2値ロジスティック回帰診断

モデル化手順の後は、通常、モデルを検証します。統計 > 回帰 > 2値ロジスティック回帰 > 2値ロジスティックモデルの当てはめには、診断プロットの集合、適合度検定など、モデルを検証するための診断測度があります。残差などの診断統計量は、以下の潜在的な問題を見つけやすくします。
  • 許容される適合値を持たない因子・共変量パターン
  • パラメータ推定値に強い影響を与える因子・共変量パターン
  • 大きなてこ比を持つ因子・共変量パターン

Minitabには、次の表に一覧表示されるとおり、これらの潜在的な問題ごとに異なるオプションが用意されています。Hosmer、Lemeshow1では、モデルの潜在的な問題を理解するために、これらの診断を併せて解釈することを示しています。

潜在的な問題 診断統計量 統計量の定義
許容される適合値を持たない因子・共変量パターン ピアソン残差 実際の観測値と予測観測値の間の差
標準化されたピアソン残差 実際の観測値と予測観測値の間の差、ただしσ = 1となるように標準化される
逸脱残差 逸脱残差、逸脱カイ二乗の成分
⊿χ2(デルタカイ二乗) j番目の因子・共変量パターンが取り除かれた場合のピアソンカイ二乗の変化
⊿逸脱度 j番目の因子・共変量パターンが取り除かれた場合の逸脱の変化
パラメータ推定値に強い影響を与える因子・共変量パターン ピアソン残差で計算する⊿ベータ j番目の因子・共変量パターンが取り除かれた場合の係数の変化
標準化されたピアソン残差で計算する⊿ベータ j番目の因子・共変量パターンが取り除かれた場合の係数の変化
大きなてこ比を持つ因子・共変量パターン てこ比(Hi) j番目の因子・共変量パターンのてこ比、異常な予測変数値の測度

残差プロットを使用して、これらの診断の一部を視覚化できます。
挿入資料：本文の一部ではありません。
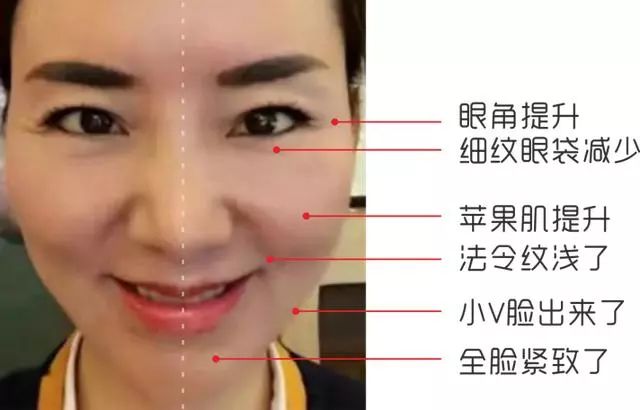 香港明星代言补水去黄提亮面膜,各路明星推荐的面膜怎么样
その他の診断も、保存してプロットできます。⊿カイ二乗と⊿逸脱度は、モデルをあまり適合しない因子・共変量パターンを識別するのに役立ちます。⊿ベータ統計量は、パラメータ推定値に強い影響を与える因子・共変量パターンを識別するのに役立ちます。一般に、推定される事象確率またはてこ比に対してこれらの⊿統計量をプロットします。推定される事象確率はデータとモデルが与えられた事象の確率です。てこ比は予測変数値がどれだけ異常かを評価します。グラフ上で点を識別するには、Minitabのグラフブラッシング機能を使用します。

1 Hosmer, D.W.、Lemeshow, S.(2000)、『Applied Logistic Regression』第2版、John Wiley and Sons, Inc.